Le 29 juin 2026, selon Courrier International, le grand séminaire de Sébikotane célèbre ses 75 ans de présence au Sénégal, marquant ainsi un enracinement profond dans l'histoire de l'Église du pays. Cet établissement, situé à Sébikotane, à quelques kilomètres de Dakar, est considéré comme un « havre de paix » où les futurs prêtres sénégalais viennent se former.
Ce grand séminaire, dirigé par l'abbé Alphonse Diomaye Niane depuis 2022, accueille actuellement 54 pensionnaires sur son domaine de 211 hectares. L'abbé Alphonse décrit cet endroit comme « un havre de paix, un lieu de rupture, loin du bruit, indispensable pour le discernement et l'étude ». Les séminaristes y suivent une formation intensive en théologie, après avoir passé une année de spiritualité au grand séminaire propédeutique de Ndiaffate et deux ans de philosophie au grand séminaire de Brin.
Ce qu'il faut retenir
- Le grand séminaire de Sébikotane célèbre ses 75 ans de présence au Sénégal.
- L'établissement est situé à Sébikotane, à quelques kilomètres de Dakar.
- 54 pensionnaires y sont actuellement en formation.

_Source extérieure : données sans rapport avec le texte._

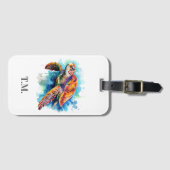 Mit Monogramm Aquarellschildkröte Gepäckanhänger (Vorderseite (Horizontal))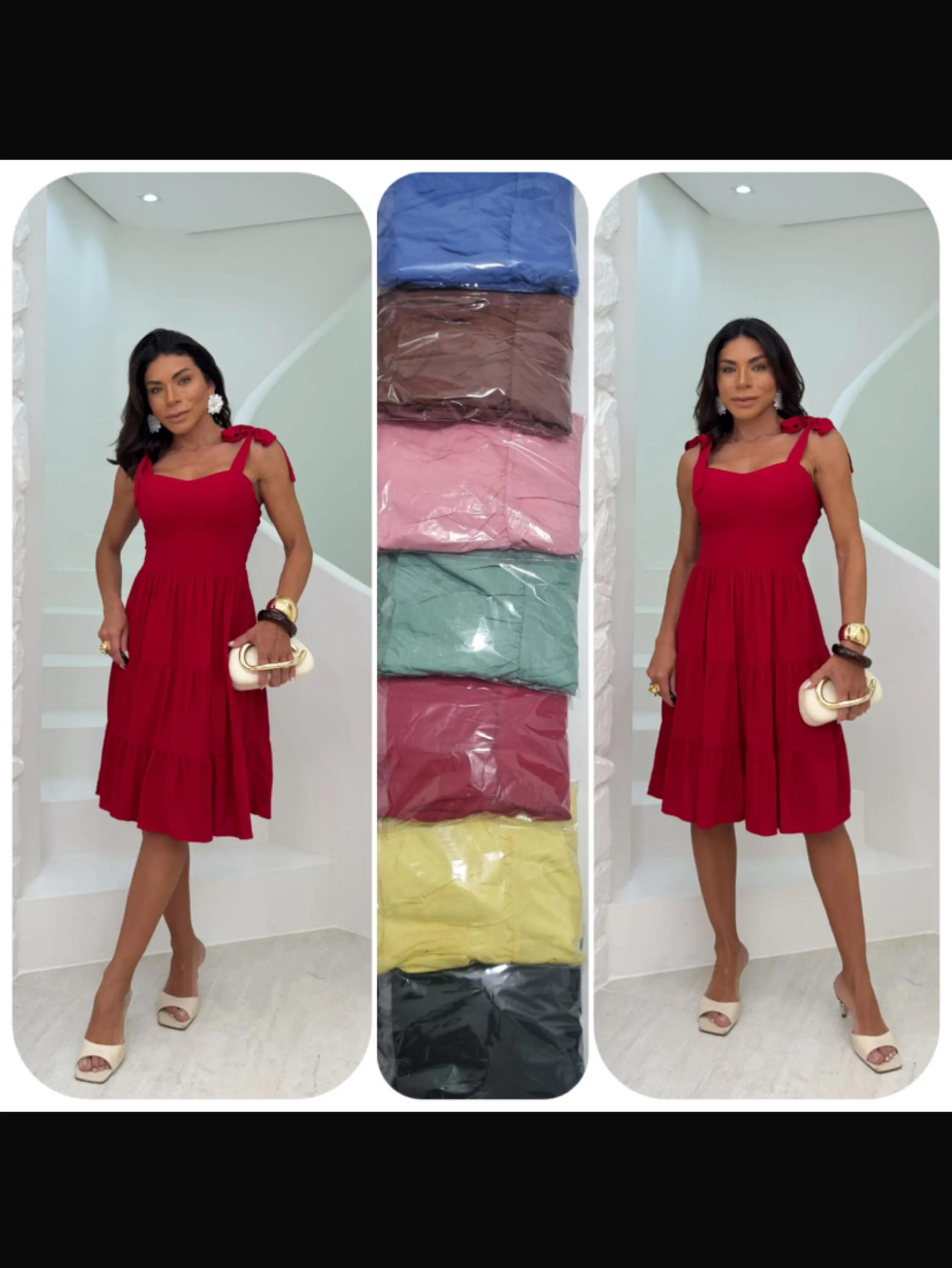 Vestido curto com alças amarração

- La formation comprend une année de spiritualité, deux ans de philosophie et quatre ans de théologie.
- Le séminaire fait face à des défis économiques majeurs, avec des subventions de Rome en baisse et des contributions des diocèses insuffisantes.
La formation des prêtres sénégalais
La formation des prêtres au grand séminaire de Sébikotane est une démarche exigeante qui dure plusieurs années. Les séminaristes commencent par une année de spiritualité au grand séminaire propédeutique de Ndiaffate, suivie de deux ans de philosophie au grand séminaire de Brin. Ensuite, ils rejoignent Sébikotane pour quatre années de théologie intensive. Cette formation est conçue pour former des prêtres qui seront capables de servir leur communauté avec dévotion et sagesse.
Le quotidien des séminaristes à Sébikotane est rythmé par la prière, les études académiques et le travail manuel. Chaque jour, pendant une heure, les futurs prêtres délaissent leurs livres pour s'adonner à des tâches telles que le nettoyage des couloirs, l'entretien des locaux et des animaux, ou la culture du verger. Cette approche vise à enseigner aux séminaristes la responsabilité et l'autonomie, tout en leur permettant de se concentrer sur leur formation spirituelle.
Les défis économiques
Malgré son importance pour l'Église sénégalaise, le grand séminaire de Sébikotane fait face à des défis économiques majeurs. Les subventions de Rome baissent chaque année, et les contributions des diocèses ou des familles ne couvrent que moins du dixième des besoins de l'établissement. Pour survivre, le séminaire a dû se réinventer et mise sur l'élevage, malgré l'assèchement du forage en avril 2025 qui a mis à mal l'exploitation agricole. La générosité des fidèles, chrétiens comme musulmans, est cruciale pour le maintien de cette institution.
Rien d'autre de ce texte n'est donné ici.